Elle souligne également que la protection du locataire ne dépend pas de formalités préalables, mais prend effet dès la survenance du manquement persistant du bailleur.
Par cet arrêt, la Cour de cassation précise les conditions dans lesquelles le locataire, privé de la jouissance des locaux en raison du manquement du bailleur à son obligation de délivrance, peut opposer l’exception d’inexécution pour suspendre le paiement des loyers.

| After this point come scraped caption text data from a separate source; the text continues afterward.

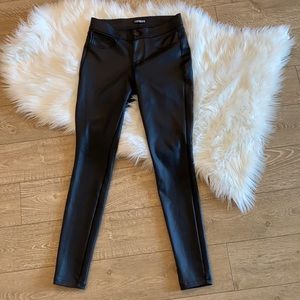 Express Vegan Leather Legging with Pockets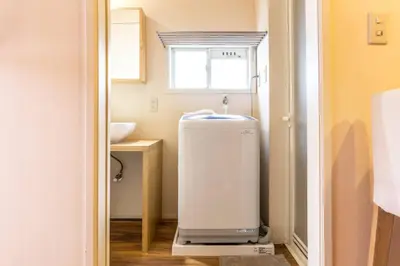 a small bathroom with a sink and a sink at \u30a2\u30f3\u30c9\u30b9\u30c6\u30a4\u767e\u4eba\u753a2\u4e01\u76eeA in Tokyo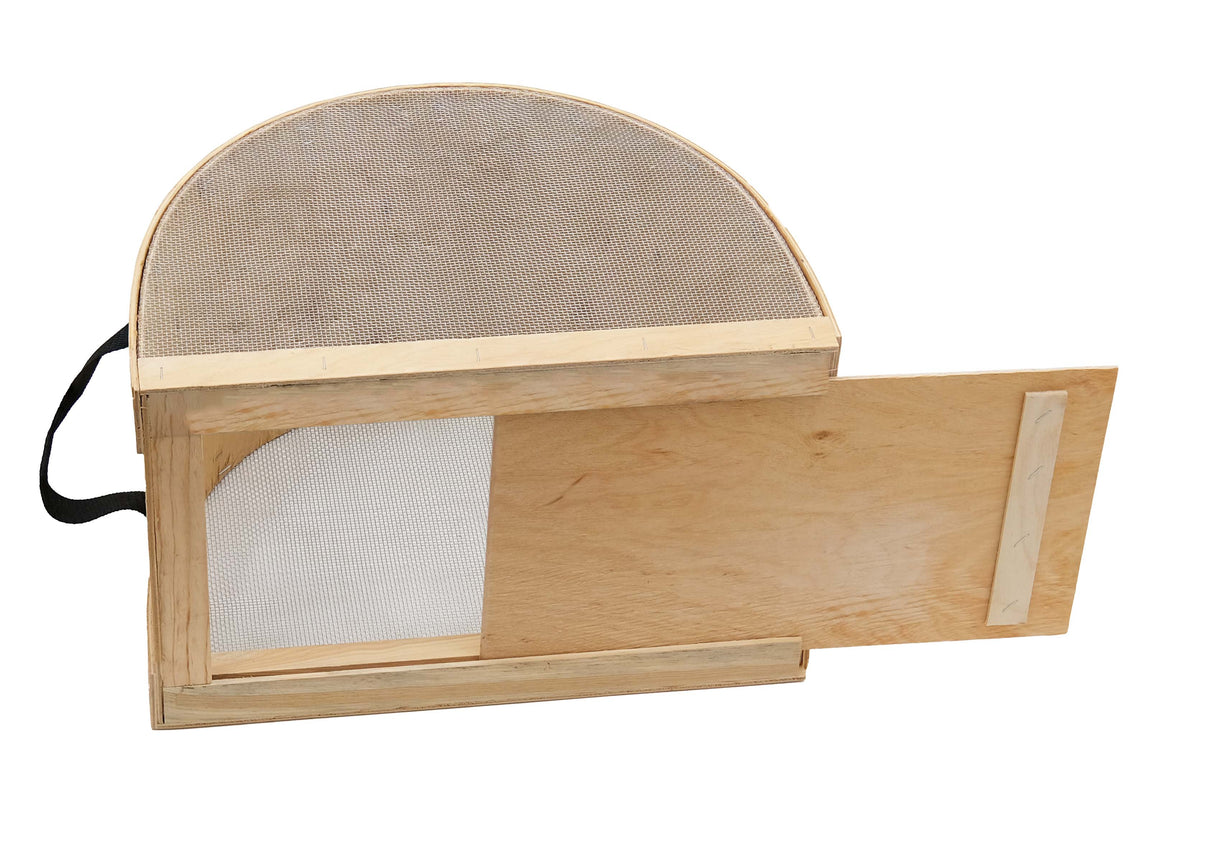 Bienenwagner wooden swarm catcher with stainless steel mesh – semi-circular shape, swarm box, swarm crate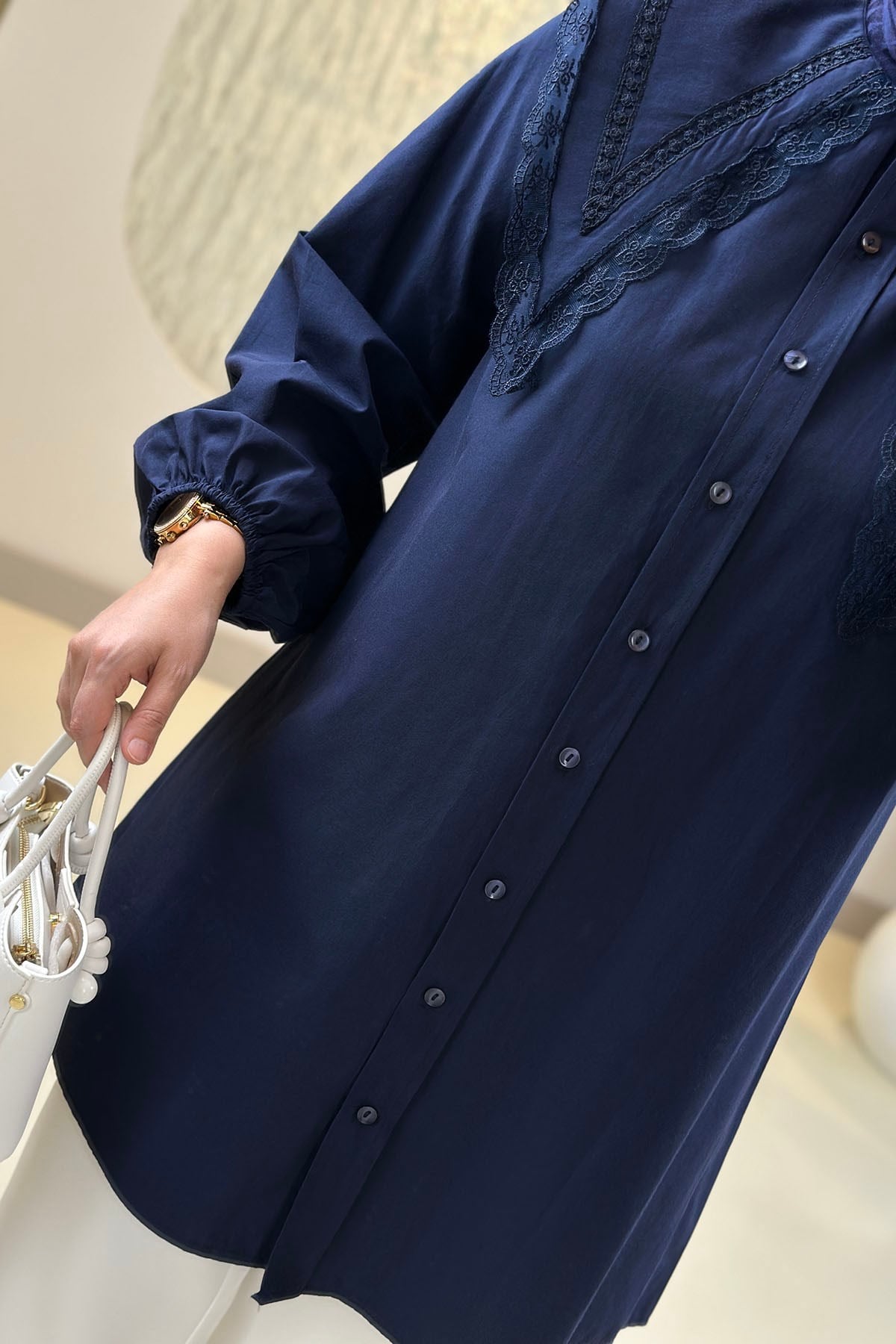 Tesettür Tunik GömlekÖnü Düğmeli Geniş Yaka Dantel Detaylı Poplin Kadın Gömlek Tunik Lacivert EYL 2143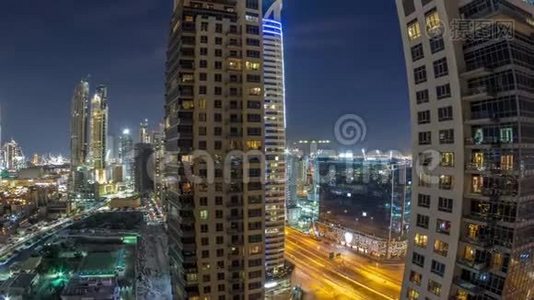 美丽的迪拜市中心和商务湾天际线与现代建筑夜间时间推移。视频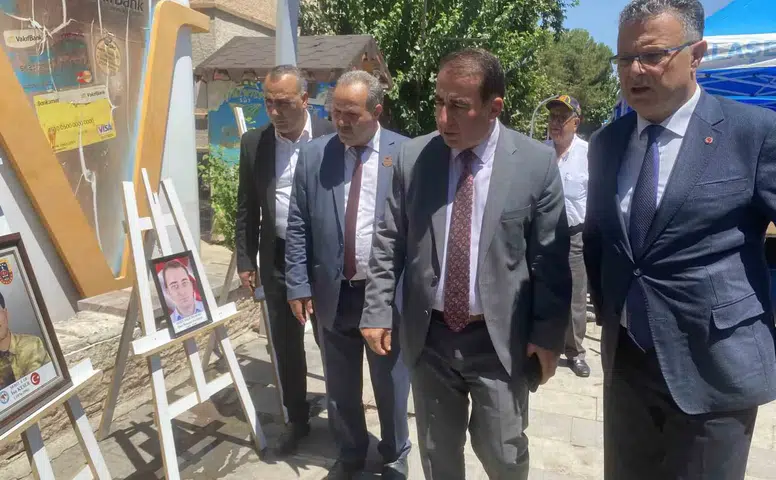 Alaşehir’de 2 bin yürek tek sofrada buluştu: Kahramanlar dualarla anıldı
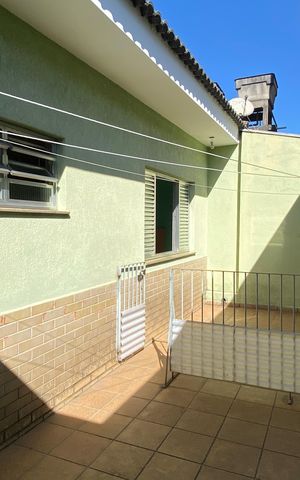 Casa à venda com 250m², 4 quartos e 2 vagas Casa à venda com 250m², 4 quartos e 2 vagasÁrea externa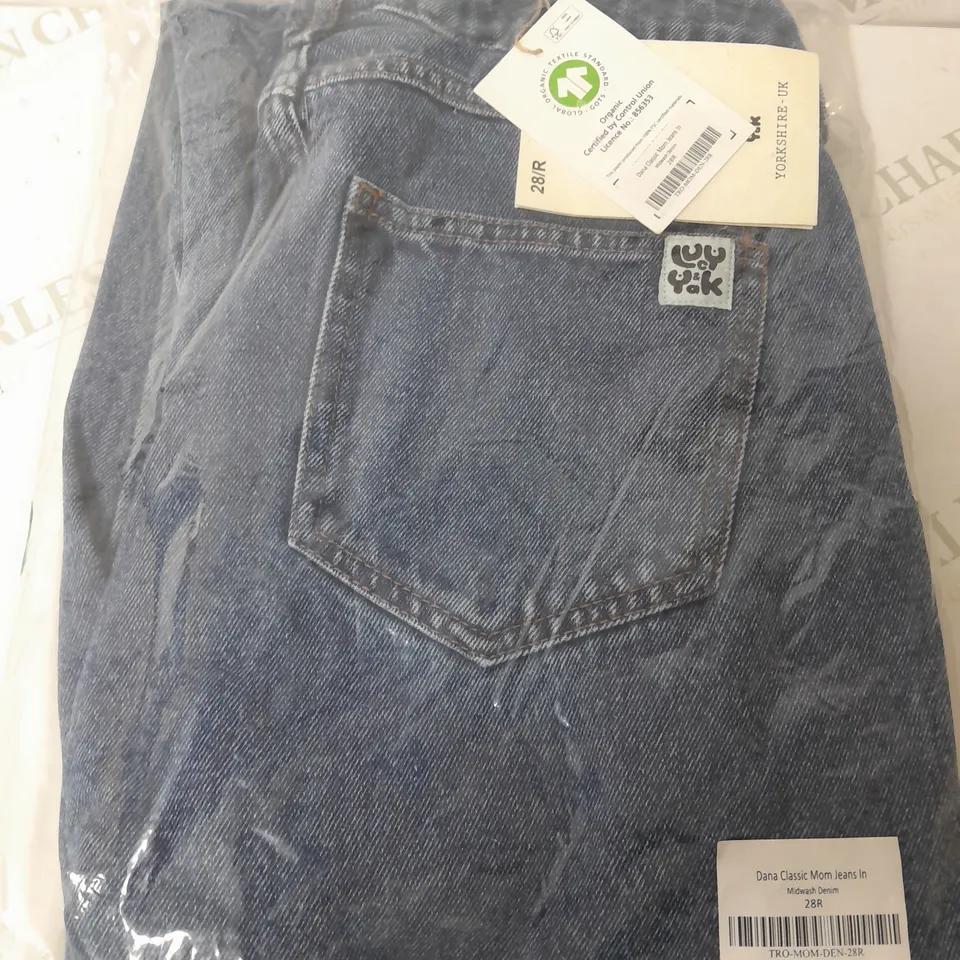 LUCY YAK DANA CLASSIC MOM JEANS IN MIDWASH DENIM - 28R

Il convient de rappeler que cette exception ne peut être invoquée que lorsque l’occupation des locaux devient totalement impossible (Civ. 3e, 10 oct. 2024, n° 22-24.395). Des désordres mineurs, tels que de simples infiltrations, ne suffisent pas à rendre les locaux impropres à leur usage et ne permettent donc pas de recourir à l’exception d’inexécution (Civ. 3e, 6 juill. 2023, n° 22-15.923). Des troubles partiels peuvent en revanche justifier une réduction du loyer, mais ne permettent pas de suspendre intégralement l’exécution de l’obligation de paiement (Civ. 3e, 10 oct. 2024, n° 22-24.395).
En l’espèce, il s’agissait d’un bail dérogatoire d’une durée de vingt-trois mois. Le locataire était débiteur de loyers, mais un dégât des eaux majeur avait rendu les locaux impropres à leur usage. Constatant l’impossibilité d’occuper les lieux, il les avait quittés et sollicitait des dommages-intérêts, tandis que le bailleur réclamait le paiement des loyers.
II –
La cour d’appel avait condamné le locataire au paiement des loyers, considérant que l’exception d’inexécution ne pouvait pas être invoquée. Les juges du fond avaient estimé que, comme le locataire avait seulement informé la bailleresse de l’état des locaux et de l’impossibilité d’exploiter ceux-ci par une mise en demeure datée du 1er novembre 2016, l’exception d’inexécution ne pouvait s’appliquer aux loyers échus avant cette date.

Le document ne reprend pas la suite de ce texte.